▸ Directions:
Here are some records; copy every line that holds the word "Electric".
*** The data Section Begins ***
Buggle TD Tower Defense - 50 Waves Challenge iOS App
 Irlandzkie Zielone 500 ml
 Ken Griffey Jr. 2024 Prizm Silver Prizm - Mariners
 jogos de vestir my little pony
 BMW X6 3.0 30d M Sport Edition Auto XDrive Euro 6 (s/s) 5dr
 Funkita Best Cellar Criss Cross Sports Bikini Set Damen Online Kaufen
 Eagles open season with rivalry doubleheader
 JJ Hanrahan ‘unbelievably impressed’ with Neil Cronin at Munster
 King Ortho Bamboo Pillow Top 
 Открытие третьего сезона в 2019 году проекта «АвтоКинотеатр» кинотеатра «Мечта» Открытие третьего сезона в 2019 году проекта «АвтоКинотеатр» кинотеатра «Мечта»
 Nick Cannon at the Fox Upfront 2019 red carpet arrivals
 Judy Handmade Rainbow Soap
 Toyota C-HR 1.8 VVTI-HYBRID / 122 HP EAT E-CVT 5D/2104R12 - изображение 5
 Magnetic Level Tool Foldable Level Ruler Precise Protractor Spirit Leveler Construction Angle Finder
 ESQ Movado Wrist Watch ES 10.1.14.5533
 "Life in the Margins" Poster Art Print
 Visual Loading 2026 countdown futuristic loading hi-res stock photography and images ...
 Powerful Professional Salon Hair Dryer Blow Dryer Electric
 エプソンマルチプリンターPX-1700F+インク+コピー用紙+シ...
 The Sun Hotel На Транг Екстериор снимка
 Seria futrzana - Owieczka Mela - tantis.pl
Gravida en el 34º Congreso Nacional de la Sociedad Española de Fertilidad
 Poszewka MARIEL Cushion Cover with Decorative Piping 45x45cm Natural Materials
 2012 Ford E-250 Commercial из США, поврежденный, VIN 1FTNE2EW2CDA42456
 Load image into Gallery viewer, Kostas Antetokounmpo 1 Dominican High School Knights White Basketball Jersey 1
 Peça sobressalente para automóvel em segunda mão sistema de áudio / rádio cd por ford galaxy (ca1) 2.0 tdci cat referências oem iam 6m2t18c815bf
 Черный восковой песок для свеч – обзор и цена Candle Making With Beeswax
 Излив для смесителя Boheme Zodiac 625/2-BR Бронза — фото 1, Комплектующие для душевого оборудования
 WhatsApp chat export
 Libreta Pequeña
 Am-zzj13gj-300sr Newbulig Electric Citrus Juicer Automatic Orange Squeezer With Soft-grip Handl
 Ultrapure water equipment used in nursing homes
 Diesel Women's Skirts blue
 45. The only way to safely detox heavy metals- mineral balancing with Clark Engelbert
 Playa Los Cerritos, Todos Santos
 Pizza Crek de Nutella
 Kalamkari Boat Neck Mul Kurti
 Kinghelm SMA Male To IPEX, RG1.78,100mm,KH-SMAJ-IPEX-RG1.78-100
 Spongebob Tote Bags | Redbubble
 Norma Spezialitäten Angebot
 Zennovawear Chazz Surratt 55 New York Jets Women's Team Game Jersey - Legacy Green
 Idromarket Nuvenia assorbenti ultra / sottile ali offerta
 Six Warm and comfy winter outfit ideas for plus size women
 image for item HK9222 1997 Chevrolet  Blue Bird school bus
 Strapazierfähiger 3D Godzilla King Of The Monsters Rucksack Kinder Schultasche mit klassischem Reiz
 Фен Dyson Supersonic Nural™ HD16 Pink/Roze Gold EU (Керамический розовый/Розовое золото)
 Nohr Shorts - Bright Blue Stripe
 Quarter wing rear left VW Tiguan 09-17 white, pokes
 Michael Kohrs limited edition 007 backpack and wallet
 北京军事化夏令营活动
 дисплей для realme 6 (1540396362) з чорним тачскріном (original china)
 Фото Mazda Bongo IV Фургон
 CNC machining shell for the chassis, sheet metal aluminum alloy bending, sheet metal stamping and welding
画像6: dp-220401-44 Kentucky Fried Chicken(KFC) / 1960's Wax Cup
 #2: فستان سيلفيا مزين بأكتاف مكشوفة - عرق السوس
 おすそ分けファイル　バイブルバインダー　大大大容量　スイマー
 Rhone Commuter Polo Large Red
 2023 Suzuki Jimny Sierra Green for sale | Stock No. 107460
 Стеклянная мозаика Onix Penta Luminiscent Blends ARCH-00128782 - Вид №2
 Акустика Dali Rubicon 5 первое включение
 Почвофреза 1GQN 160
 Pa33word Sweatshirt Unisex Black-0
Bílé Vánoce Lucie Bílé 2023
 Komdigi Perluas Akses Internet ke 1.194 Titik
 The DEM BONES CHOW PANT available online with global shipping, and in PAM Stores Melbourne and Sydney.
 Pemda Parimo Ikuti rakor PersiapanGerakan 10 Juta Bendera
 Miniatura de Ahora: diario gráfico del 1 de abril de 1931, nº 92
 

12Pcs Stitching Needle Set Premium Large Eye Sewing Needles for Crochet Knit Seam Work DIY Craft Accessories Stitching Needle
*** The data Section Ends ***
▸ Output of the task:
 Powerful Professional Salon Hair Dryer Blow Dryer Electric
 Am-zzj13gj-300sr Newbulig Electric Citrus Juicer Automatic Orange Squeezer With Soft-grip Handl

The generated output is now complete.